Response: No, we refrained from assessing absolute canopy mortality rates based on the maps, as those can be biased due to the higher omission error of the maps. We thus prefer relative statements wherever possible. Future research should use our first assessment as basis for a thorough sample-based assessment of the true, absolute disturbance rates (see, e.g., Senf et al. 2018 [Nature Communications] and 2021 [One Earth]); but such a sample-based assessment was beyond the scope of this letter, which aims at informing research and management in a timely manner.
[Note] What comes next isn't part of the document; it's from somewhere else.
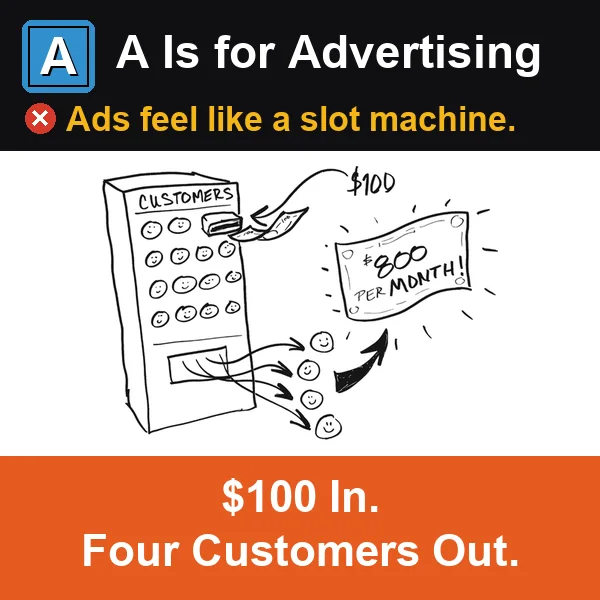Letter card, A Is for Advertising. The pain line: ads feel like a slot machine. The hand-drawn vending machine that turns $100 of ads into four customers. The outcome: $100 in, four customers out.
Response: The disturbance anomalies are calculated per year and only include the disturbances occurring in this year. A disturbance occurring in 2018 will thus not inflate the anomaly in 2019 or 2020. Changing disturbance severity was not addressed in this research.

Response: The sample was chosen at random. For a better representation, we added a more detailed version as Supplementary Figure S1. The summer VPD anomaly is from 2018, 2019 and 2020, respectively. The intention was to test for interactions of the 2018 drought (which had, of course, long-lasting impacts into 2019 and 2020; see revised Fig. 1) and heatwaves in 2018 and subsequent years (i.e., 2019 and 2020). This model (i.e., soil moisture from 2018 and VPD from 2018, 2019 and 2020, respectively) also had highest support from the data (see response above and also Table 1 in revised manuscript). We revised the methods section to better describe the details of the model (L. 251ff). Finally, the anomaly in VPD was given in terms of standard deviations (as with soil moisture) and the legend title was incorrect. We revised the figure to correct the legend title.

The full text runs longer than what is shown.